### PROBLEM DESCRIPTION
When the word "Ford" appears in a line of the data below, list that line.

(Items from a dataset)

————————

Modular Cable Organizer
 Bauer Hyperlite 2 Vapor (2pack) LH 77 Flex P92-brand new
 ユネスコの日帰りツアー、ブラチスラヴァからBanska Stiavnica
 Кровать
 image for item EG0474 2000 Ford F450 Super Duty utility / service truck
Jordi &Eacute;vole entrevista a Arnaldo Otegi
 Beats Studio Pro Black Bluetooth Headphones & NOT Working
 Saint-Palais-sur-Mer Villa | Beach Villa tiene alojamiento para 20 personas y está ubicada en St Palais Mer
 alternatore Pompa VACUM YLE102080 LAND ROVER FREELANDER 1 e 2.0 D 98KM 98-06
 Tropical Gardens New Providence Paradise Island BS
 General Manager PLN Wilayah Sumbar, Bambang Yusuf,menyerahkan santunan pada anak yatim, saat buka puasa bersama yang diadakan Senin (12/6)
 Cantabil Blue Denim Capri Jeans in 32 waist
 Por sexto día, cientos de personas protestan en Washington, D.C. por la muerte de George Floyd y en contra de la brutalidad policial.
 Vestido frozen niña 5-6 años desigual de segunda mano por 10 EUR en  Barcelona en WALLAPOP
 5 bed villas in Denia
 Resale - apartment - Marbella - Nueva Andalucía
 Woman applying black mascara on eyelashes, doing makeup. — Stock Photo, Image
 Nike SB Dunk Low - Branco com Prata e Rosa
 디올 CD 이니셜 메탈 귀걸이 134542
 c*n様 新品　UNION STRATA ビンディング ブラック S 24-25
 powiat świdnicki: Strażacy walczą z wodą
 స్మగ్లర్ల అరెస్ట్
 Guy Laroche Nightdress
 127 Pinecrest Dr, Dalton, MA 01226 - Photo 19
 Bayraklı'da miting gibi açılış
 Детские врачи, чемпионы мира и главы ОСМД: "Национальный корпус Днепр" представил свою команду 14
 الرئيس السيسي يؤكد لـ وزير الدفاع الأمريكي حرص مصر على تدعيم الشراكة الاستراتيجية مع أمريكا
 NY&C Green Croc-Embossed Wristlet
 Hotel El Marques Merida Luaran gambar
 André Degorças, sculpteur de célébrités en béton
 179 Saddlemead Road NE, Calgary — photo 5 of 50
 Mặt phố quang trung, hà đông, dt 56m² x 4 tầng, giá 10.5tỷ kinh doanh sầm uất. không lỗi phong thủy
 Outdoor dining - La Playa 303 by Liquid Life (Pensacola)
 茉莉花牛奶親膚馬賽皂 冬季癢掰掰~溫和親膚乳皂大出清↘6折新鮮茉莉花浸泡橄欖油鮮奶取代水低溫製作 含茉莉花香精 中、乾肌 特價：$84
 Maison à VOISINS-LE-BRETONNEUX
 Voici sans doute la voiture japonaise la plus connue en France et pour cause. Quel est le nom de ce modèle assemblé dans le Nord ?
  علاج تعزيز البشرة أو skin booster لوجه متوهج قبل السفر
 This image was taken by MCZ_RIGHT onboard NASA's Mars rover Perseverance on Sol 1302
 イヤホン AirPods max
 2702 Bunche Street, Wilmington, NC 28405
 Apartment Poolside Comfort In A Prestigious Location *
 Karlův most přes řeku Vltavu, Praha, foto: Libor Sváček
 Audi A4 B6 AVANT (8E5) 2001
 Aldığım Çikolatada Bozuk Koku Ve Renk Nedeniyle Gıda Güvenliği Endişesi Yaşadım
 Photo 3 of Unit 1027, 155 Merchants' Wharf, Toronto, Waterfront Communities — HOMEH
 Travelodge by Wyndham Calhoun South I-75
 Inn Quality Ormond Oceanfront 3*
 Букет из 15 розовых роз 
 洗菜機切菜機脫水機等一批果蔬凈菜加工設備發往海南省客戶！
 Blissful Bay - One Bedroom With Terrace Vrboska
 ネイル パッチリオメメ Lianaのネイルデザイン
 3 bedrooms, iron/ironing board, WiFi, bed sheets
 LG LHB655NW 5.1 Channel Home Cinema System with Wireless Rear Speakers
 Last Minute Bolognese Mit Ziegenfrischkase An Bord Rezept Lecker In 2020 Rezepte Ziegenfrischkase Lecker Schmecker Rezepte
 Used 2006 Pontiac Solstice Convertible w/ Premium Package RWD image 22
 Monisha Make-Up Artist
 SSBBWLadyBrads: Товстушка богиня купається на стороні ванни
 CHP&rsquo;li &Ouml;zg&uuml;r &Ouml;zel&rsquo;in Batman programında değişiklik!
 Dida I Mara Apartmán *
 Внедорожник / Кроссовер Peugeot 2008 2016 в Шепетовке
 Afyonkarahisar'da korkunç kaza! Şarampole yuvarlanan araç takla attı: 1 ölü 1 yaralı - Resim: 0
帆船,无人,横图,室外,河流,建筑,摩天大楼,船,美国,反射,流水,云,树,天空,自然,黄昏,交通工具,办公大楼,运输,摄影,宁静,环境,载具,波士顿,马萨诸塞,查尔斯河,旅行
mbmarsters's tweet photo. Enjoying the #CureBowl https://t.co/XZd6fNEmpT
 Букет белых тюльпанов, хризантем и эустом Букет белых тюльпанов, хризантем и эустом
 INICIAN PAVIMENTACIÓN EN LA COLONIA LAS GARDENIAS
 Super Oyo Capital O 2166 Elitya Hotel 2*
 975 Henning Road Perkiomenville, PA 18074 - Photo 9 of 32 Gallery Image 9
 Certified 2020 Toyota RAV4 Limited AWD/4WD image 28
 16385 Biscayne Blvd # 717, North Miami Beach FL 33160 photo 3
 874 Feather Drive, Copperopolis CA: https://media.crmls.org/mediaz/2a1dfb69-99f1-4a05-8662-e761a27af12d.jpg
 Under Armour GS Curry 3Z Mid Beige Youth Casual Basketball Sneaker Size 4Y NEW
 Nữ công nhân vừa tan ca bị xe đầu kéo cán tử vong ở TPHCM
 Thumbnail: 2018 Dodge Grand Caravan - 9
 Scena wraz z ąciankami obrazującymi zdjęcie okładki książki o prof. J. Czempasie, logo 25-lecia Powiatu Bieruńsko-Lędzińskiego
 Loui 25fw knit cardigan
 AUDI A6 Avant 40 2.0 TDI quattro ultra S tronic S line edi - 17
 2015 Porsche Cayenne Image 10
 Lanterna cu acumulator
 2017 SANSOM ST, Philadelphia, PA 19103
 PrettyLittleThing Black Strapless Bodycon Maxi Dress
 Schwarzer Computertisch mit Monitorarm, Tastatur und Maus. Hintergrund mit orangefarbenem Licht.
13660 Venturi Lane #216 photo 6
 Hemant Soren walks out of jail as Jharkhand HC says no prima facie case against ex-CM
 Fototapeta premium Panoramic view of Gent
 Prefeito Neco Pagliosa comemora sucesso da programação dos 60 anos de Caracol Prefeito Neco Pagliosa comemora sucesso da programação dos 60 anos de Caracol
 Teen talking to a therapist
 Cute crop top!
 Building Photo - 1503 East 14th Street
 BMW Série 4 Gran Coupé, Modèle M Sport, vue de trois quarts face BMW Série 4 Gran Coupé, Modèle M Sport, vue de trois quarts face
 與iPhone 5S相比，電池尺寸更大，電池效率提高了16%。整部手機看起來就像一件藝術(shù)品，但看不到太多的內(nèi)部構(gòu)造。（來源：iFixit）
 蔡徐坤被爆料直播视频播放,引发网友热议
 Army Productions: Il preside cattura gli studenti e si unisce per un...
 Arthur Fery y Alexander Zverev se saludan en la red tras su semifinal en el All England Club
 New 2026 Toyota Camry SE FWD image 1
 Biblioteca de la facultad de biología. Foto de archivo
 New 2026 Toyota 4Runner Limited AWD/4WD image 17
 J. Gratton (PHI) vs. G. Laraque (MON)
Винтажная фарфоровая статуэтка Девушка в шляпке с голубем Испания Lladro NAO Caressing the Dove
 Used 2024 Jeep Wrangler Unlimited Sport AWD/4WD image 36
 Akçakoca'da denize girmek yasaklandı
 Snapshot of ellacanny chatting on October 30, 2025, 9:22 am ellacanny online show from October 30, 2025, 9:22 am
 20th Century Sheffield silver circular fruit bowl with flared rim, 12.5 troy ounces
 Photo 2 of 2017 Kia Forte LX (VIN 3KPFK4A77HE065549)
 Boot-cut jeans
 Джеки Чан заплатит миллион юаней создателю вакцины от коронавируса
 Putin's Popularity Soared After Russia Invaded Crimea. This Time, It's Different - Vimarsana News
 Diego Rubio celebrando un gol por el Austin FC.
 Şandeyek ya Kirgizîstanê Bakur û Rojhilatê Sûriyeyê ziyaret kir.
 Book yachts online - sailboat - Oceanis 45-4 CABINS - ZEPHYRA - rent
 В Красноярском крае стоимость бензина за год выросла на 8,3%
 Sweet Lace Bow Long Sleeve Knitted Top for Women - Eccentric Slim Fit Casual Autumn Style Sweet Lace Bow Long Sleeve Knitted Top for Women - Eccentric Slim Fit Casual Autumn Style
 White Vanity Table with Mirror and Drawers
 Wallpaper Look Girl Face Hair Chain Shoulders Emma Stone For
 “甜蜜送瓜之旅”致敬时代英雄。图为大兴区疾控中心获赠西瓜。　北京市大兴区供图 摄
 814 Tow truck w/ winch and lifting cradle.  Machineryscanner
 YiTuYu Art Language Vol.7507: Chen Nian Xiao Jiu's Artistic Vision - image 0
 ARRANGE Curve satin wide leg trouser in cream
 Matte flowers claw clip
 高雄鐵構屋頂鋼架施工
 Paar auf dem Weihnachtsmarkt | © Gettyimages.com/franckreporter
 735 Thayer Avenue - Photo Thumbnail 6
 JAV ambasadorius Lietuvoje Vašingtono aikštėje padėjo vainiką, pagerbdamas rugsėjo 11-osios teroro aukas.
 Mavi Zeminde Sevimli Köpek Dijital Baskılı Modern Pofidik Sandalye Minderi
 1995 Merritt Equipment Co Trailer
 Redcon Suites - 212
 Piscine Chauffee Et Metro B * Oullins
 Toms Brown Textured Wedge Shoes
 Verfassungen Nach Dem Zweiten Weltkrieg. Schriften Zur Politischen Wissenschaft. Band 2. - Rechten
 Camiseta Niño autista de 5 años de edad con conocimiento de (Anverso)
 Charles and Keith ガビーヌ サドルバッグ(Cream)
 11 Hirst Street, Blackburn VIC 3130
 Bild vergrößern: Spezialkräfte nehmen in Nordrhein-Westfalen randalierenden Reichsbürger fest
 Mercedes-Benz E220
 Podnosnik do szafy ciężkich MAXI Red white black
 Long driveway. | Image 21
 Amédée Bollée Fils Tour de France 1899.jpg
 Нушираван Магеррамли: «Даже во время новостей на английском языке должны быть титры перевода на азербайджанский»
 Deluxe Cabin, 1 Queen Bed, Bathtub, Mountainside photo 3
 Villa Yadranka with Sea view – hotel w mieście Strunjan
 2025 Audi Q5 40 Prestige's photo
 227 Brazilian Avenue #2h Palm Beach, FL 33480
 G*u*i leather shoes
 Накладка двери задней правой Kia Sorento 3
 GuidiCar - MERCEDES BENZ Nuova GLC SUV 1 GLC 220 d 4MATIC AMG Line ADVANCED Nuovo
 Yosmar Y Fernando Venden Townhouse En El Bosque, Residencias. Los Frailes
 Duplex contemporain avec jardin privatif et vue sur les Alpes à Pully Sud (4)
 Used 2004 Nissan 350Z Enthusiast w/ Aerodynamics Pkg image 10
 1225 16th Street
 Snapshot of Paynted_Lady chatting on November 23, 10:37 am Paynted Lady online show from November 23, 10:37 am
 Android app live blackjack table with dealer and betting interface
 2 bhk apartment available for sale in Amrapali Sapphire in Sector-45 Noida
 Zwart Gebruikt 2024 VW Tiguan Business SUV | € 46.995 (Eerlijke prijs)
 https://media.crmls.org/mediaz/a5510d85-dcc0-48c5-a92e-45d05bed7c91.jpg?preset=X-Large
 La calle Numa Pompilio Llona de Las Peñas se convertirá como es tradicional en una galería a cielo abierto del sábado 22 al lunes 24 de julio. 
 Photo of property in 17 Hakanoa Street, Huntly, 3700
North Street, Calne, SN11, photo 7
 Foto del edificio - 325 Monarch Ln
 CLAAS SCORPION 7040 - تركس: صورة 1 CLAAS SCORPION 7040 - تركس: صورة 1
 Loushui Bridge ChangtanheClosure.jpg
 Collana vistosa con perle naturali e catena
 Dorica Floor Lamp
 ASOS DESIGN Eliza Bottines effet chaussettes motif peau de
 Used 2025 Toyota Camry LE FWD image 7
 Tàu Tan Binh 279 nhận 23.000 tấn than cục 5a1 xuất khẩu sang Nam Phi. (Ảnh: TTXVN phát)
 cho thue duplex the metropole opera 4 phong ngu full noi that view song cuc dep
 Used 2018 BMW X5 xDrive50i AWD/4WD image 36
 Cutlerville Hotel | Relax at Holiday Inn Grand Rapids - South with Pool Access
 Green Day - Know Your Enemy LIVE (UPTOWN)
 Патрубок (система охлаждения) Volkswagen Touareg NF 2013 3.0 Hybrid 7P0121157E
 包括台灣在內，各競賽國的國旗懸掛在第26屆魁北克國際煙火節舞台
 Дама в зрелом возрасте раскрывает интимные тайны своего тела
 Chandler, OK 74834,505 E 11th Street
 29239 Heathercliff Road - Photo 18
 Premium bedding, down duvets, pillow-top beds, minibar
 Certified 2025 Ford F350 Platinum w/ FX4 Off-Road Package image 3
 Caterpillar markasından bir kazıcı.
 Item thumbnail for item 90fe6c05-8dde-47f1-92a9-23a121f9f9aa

————————

### WRITTEN SOLUTION
 image for item EG0474 2000 Ford F450 Super Duty utility / service truck
 Certified 2025 Ford F350 Platinum w/ FX4 Off-Road Package image 3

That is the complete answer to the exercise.